‘Our worst fears have come to pass’

Philip Zulu in LEEDS, England
OUR worst fears have come to pass after what we witnessed in Ethiopia yesterday, as Zimbabwe crashed to a shock 0-1 defeat in a 2022 World Cup qualifier.

It was a must-win contest after our poor showing against Bafana Bafana in the first match of this campaign,for a place in Qatar.

But, somehow, we conspired to hand Ethiopia all three points, leaving us stuck at the bottom of Group G.

Of course, all the signs had told us not to expect a lot in this match even though, driven by patriotism, and the love of our team, we always have to expect the best.

What is now clear is that our national game is imploding right in front of us and the problem, it appears, we all can’t do anything to stop the rot.

If we raise our voices to try and clean the mess, we are accused in interfering in the running of an association which appears to belong more to Zurich than to Zimbabwe.

We needed a straight win, nothing less and, against Ethiopia, we should have fancied our chances of doing that.

After all, some of our key players went to Kinshasa, not so long ago, and beat the DRC, in a 2019 AFCON qualifier.

If a team can win in Kinshasa, why should going to Ethiopia appear such a tough mission?
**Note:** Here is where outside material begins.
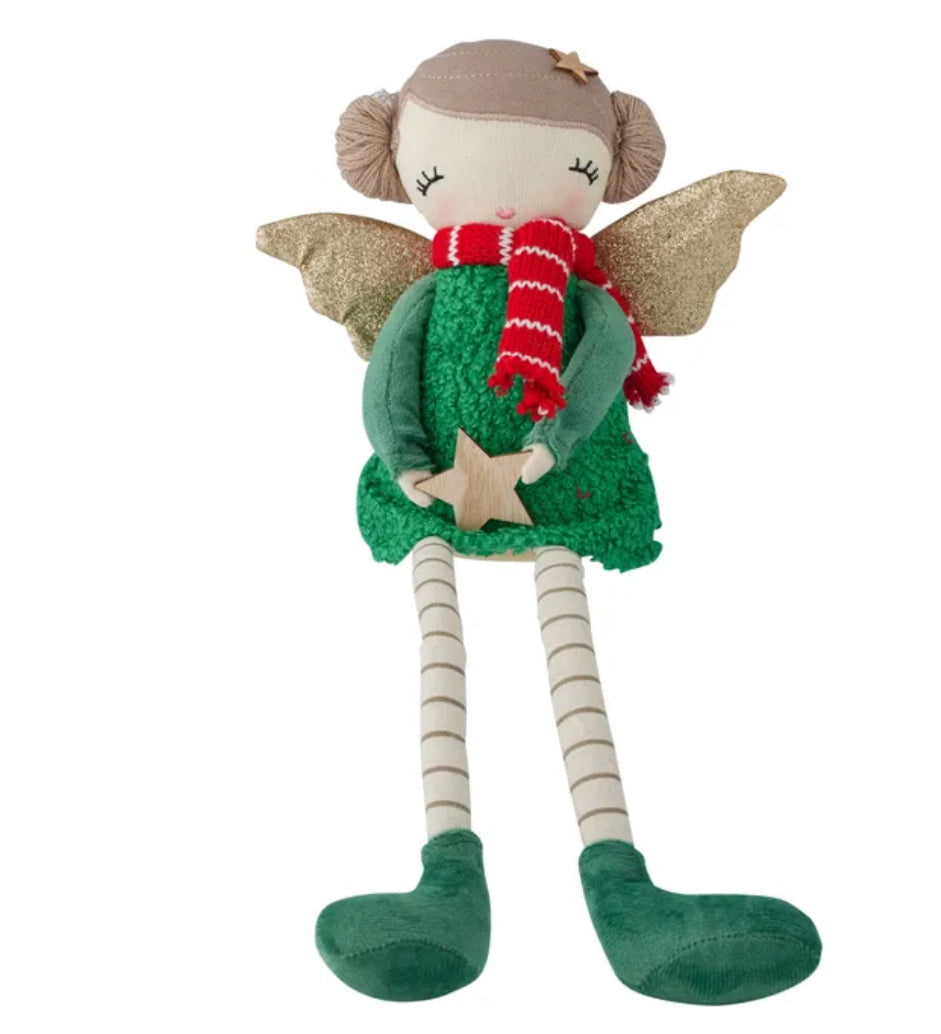 50cm Christmas sitting angel  doll with a red and white striped scarf, green dress, and star accessory on a white background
Is this how horrible we have become?

We cried recently that winning has become a taboo, for our Warriors.

Now, a new narrative is that keeping possession, and passing the ball to each other, has also become taboo, under Zdravko Logarusic.
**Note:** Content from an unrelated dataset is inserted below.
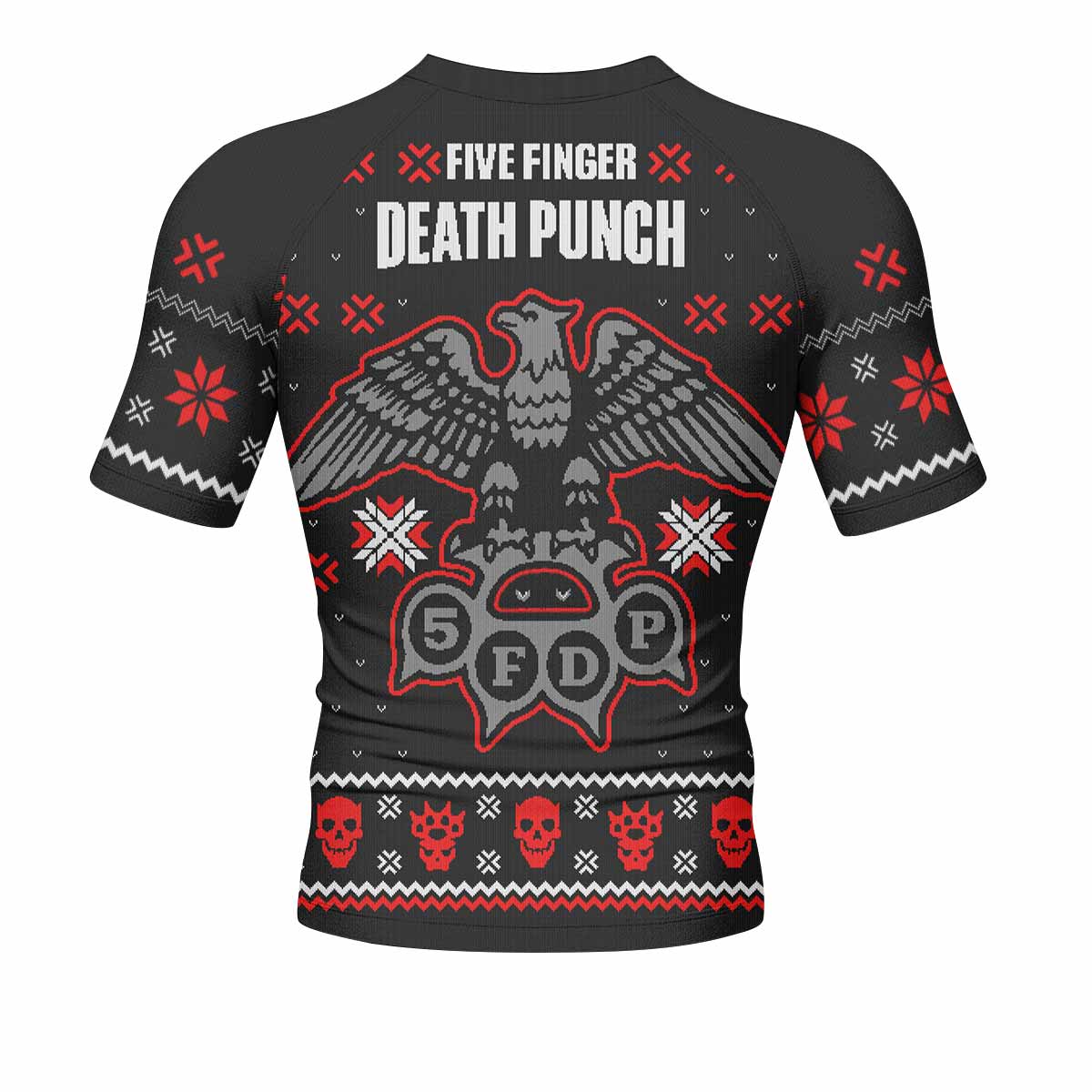 Five Finger Death Punch Eagle Heavy Metal Band Men's Rash Guard Short Sleeve - back view mockup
Yesterday, we witnessed something close to madness, every time Divine Lunga got the ball, in his half and, boom, he kept kicking it forward, sending it to whom it might concern.

It’s now taboo, for us to build play from the back, because the majority of our players are not confident, when in possession of the ball.

They also lack the confidence to construct positive play, in each third of the game.

We are fast becoming the laughing stock of world football and, unfortunately, it seems no one cares. Every day has become one when we have to mourn the death of our national game.

Where is our football leadership, why don’t we hear them tell us why our Warriors have become such punching bags, under their watch? What has changed, in the last three years, turning our national team into something which is this weak and hopeless?

Who hired this coach who has been allowed to use us, as his experiment, as he tests football at this level?

Who are those experts, who recommended Loga, on the basis that he had taken Sudan to their place, at the CHAN finals?

If that is an achievement, why was Ian Gorowa forced out, from his job as Warriors coach, when he had finished fourth, at the same tournament?

It’s no longer about Loga.

It’s about a system that is not working in our national interests and, when the Warriors are failing, surely what else are our football leaders delivering? This damage to our national game will affect all our foreign-based players, as their confidence will be low, when they go back to their bases. Fourteen games, and just one win, surely it can’t get any worse.